▶ [COLLECTED DATA]:
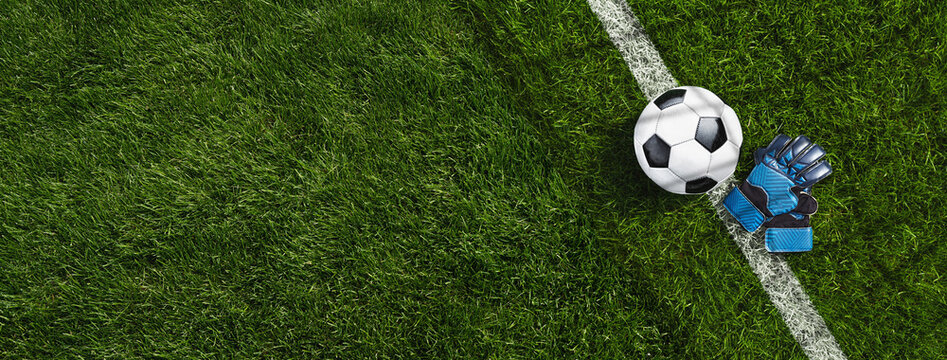 green grass texture with a soccer ball and goalkeeper gloves - well-groomed turf. Banner with copy space.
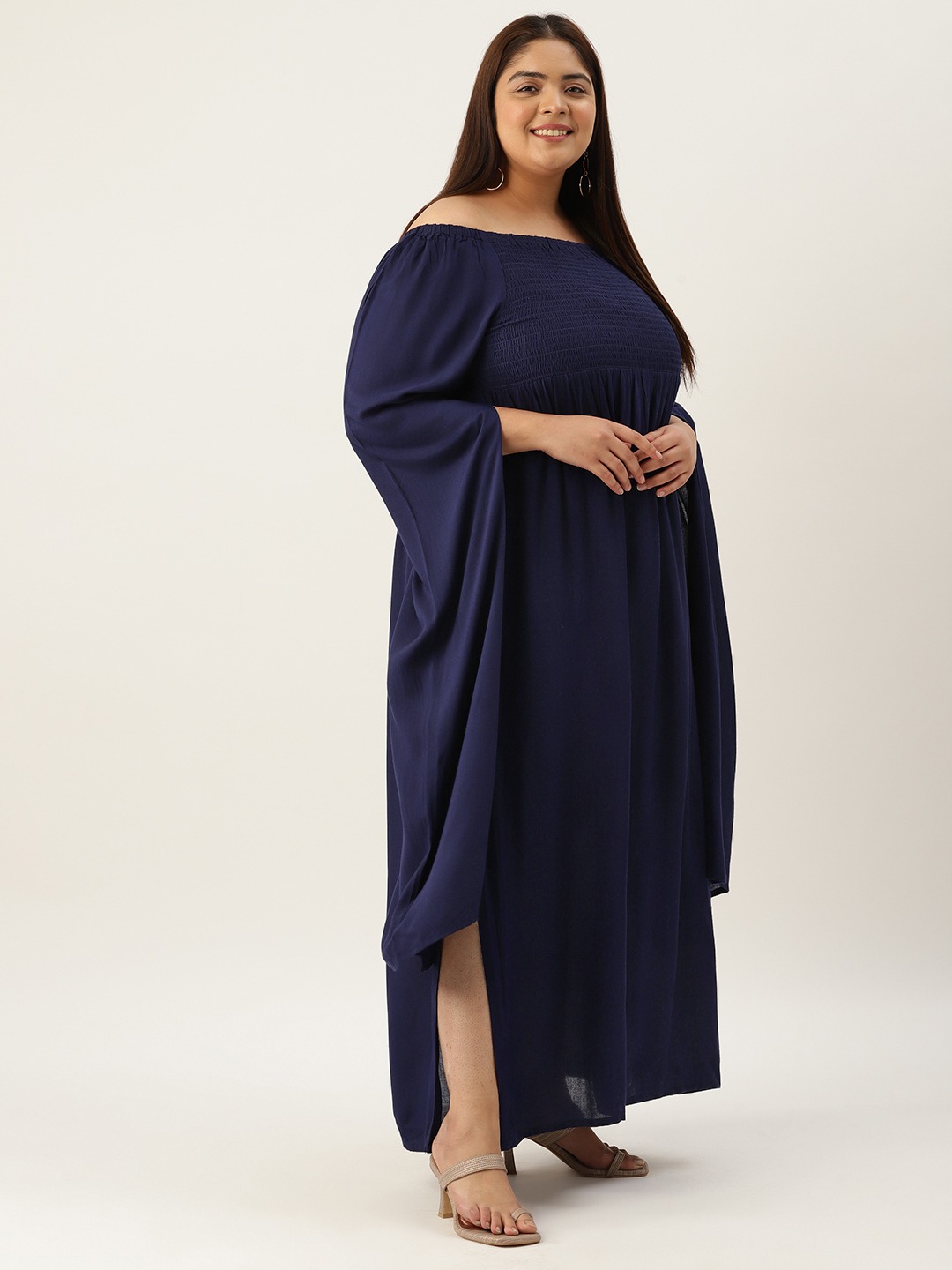 Women's Plus Size Navy Blue Solid Color Extended Sleeve Maxi Dress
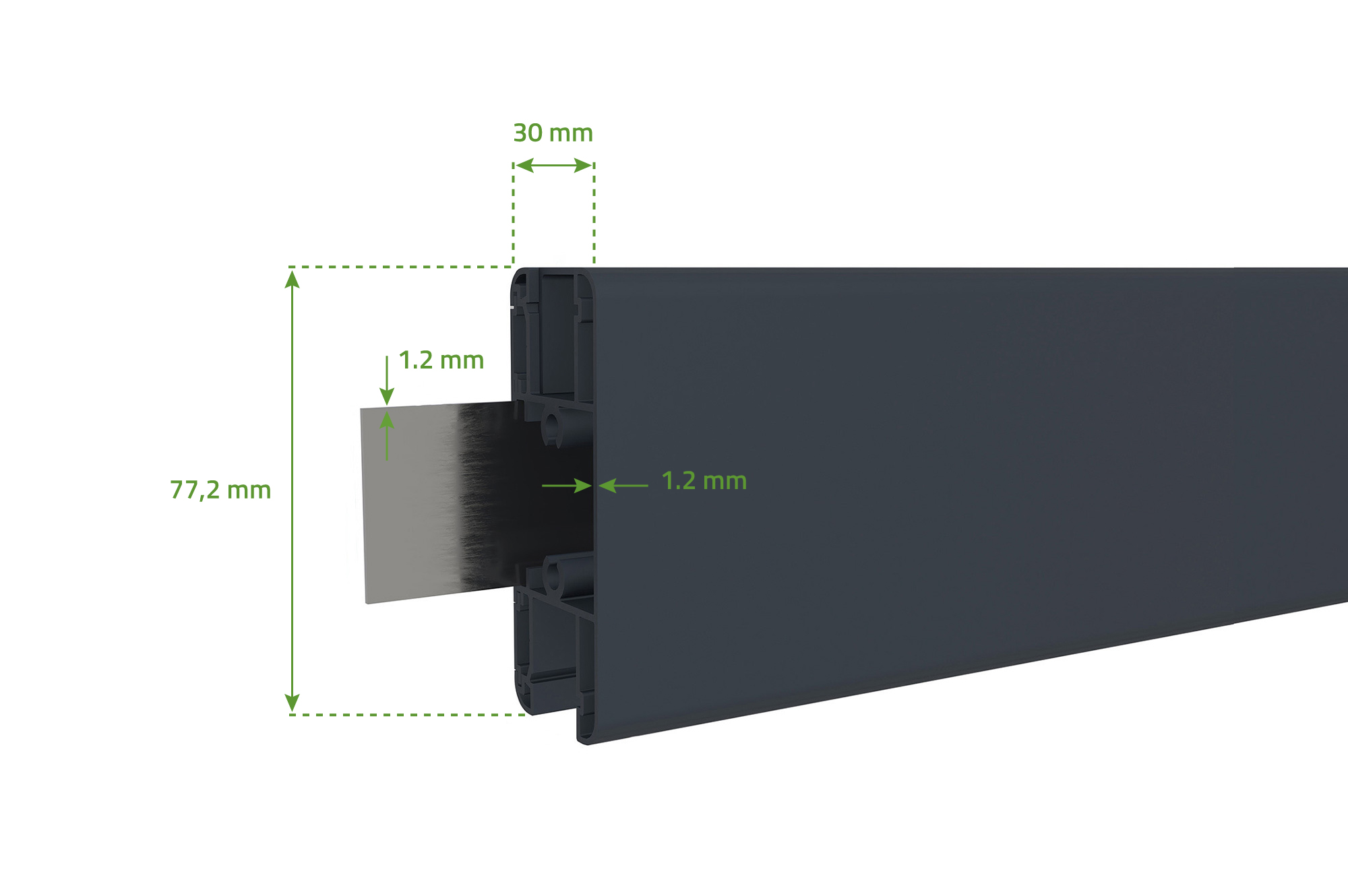 Gate 1m adjustable in width DOLOMITE RUIVO H.140cm gray aluminum 9
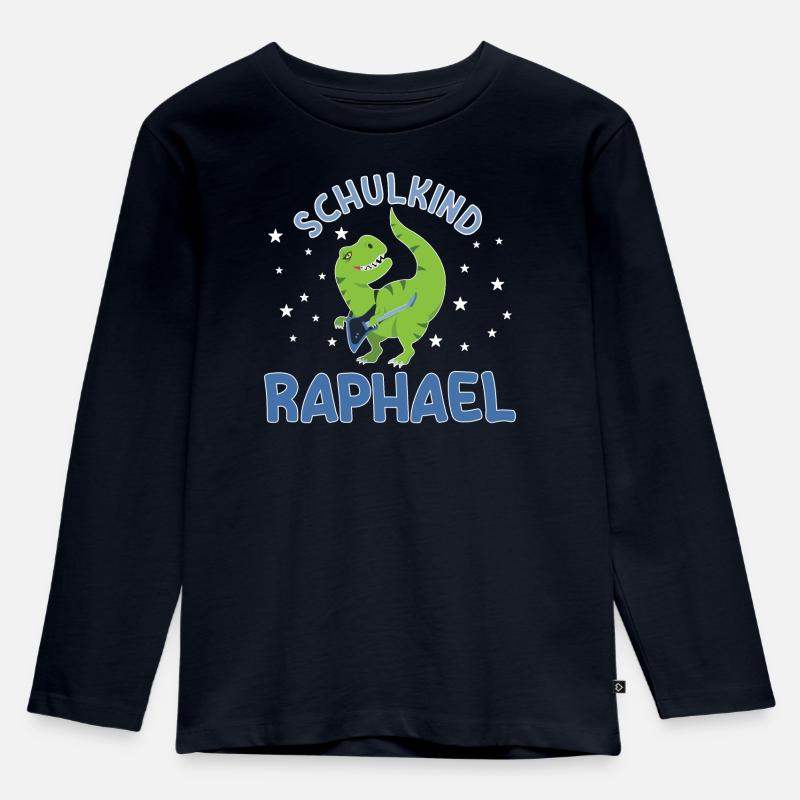 Einschulung Schulkind Raphael - Kinder Premium Bio Langarmshirt - Navy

▶ [PROBLEM REQUIREMENTS]:
Would you print all of the material exactly as written, minus the pictures?

▶ [ANSWER SPACE]:
 green grass texture with a soccer ball and goalkeeper gloves - well-groomed turf. Banner with copy space.
 Women's Plus Size Navy Blue Solid Color Extended Sleeve Maxi Dress
 Gate 1m adjustable in width DOLOMITE RUIVO H.140cm gray aluminum 9
 Einschulung Schulkind Raphael - Kinder Premium Bio Langarmshirt - Navy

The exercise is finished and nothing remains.